SEC. 10. Modes of Land Acquisition. The modes of acquiring lands for purposes of this Act shall include, among others, community mortgage, land swapping, land assembly or consolidation, land banking, donation to the Government, joint venture agreement, negotiated purchase, and expropriation: Provided, however, That expropriation shall be resorted to only when other modes of acquisition have been exhausted: Provided, further, That where expropriation is resorted to, parcels of land owned by small property owners shall be exempted for purposes of this Act: Provided, finally, That abandoned property, as herein defined, shall be reverted and escheated to the State in a proceeding analogous to the procedure laid down in Rule 91 of the Rules of Court.
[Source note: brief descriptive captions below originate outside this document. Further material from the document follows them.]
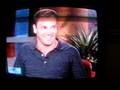  - MovieZen Video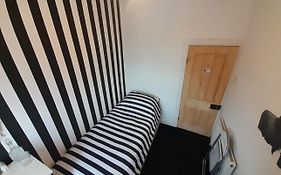 Sweet Dreams Residence, Close To Penny Lane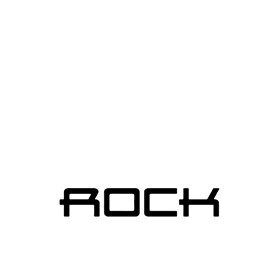 Rock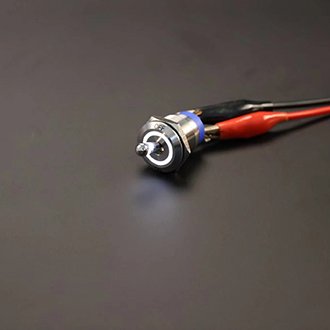 figure 14.toggle switch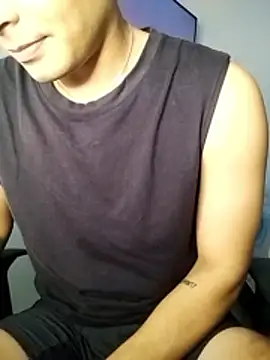 Mason_grey live sex cam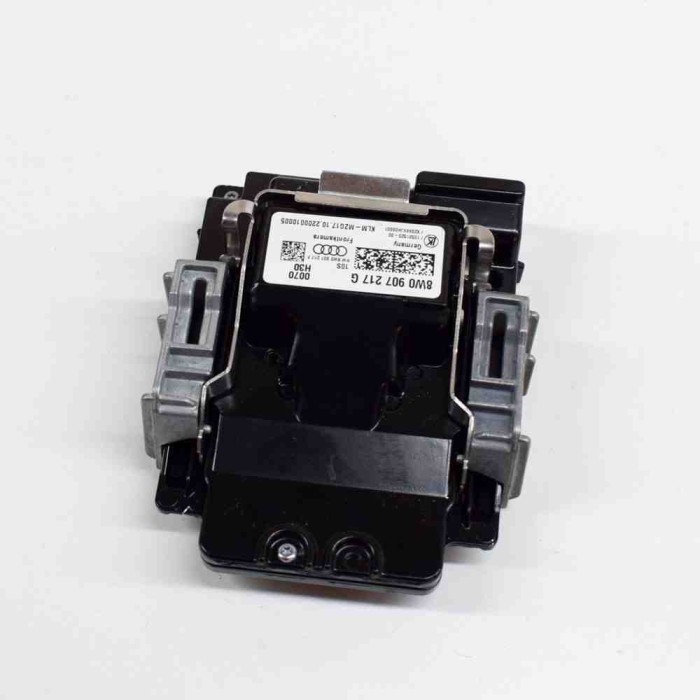 Camera față AUDI A4 8W2, B9 2022 OEM: 8W0907217G,10531520-00 20445316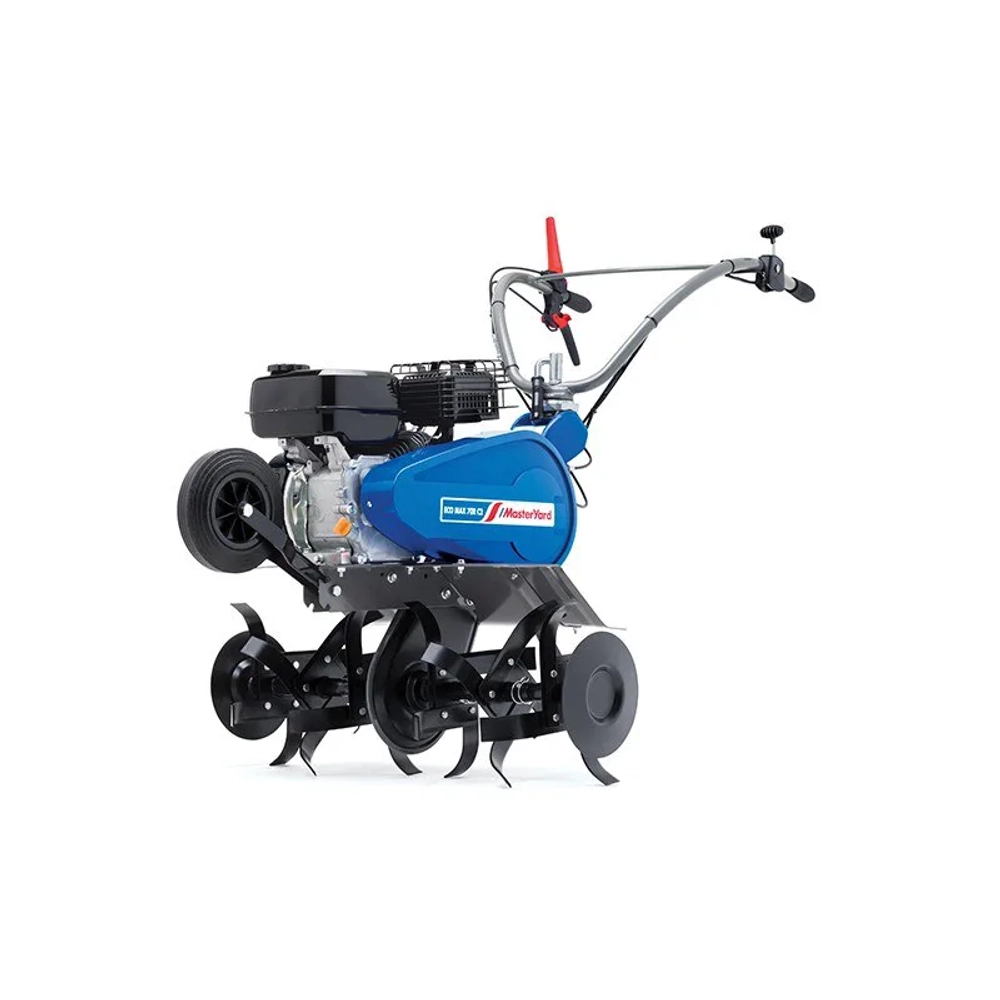 MasterYard ECO MAX 70R C2 культиватор бензиновый 3000362309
For the purpose of socialized housing, government-owned and foreclosed properties shall be acquired by the local government units, or by the National Housing Authority primarily through negotiated purchase: Provided, That qualified beneficiaries who are actual occupants of the land shall be given the right of first refusal.
[35] Petitioner, in its Amended Complaint, alleged that:
- That plaintiff urgently needs said property for the purpose of converting the same into an On-Site Relocation and Housing Development for the underprivileged and homeless residents of the City of Iloilo;
- That the acquisition of said property by plaintiff will benefit hundreds of underprivileged and homeless/landless residents of the City through the various improvements and projects which could be introduced thereon by the City Government;
- That offers to acquire the above-described property by negotiated sale have been made by plaintiff to defendants, but the same have been tacitly rejected by the latter, hence plaintiff was constrained to seek the condemnation of said property by filing the above-case.
Lately, defendant Sylvia Yusay del Rosario announced in radio that they will never sell Lot [No.] 935 to herein plaintiff;
- That plaintiff through the incumbent Mayor Jerry P. Treñas is authorized to acquire the aforementioned parcel of land through condemnation proceedings by virtue of Regulation Ordinance No. 2001-037 enacted on March 7, 2001 by the Sangguniang Panlungsod of the City of Iloilo,
machine copy of which is hereto attached as Annex "B";
- That acting pursuant to the aforesaid Regulation Ordinance No. 2001-037, plaintiff sent a letter dated 14 March 2001 to defendants formally offering to purchase Lot No. 935 for the amount of Two Hundred Fifty (P250.00) Pesos per square meter, a machine copy of which is
hereto attached as Annex "C";
- That notwithstanding the formal offer to purchase aforesaid Lot and several conferences held, defendants have not made any concrete counter-offer but instead indulged in written semantics which constrained plaintiff to terminate further negotiations per letter dated 26 June
2001, a machine copy of which is hereto attached as Annex "D"; . . . . (Rollo, pp. 207-208)
[37] Huerta Alba Resort, Inc. v. Court of Appeals, G.R. No. 128567, 01 September 2000, 339 SCRA 534.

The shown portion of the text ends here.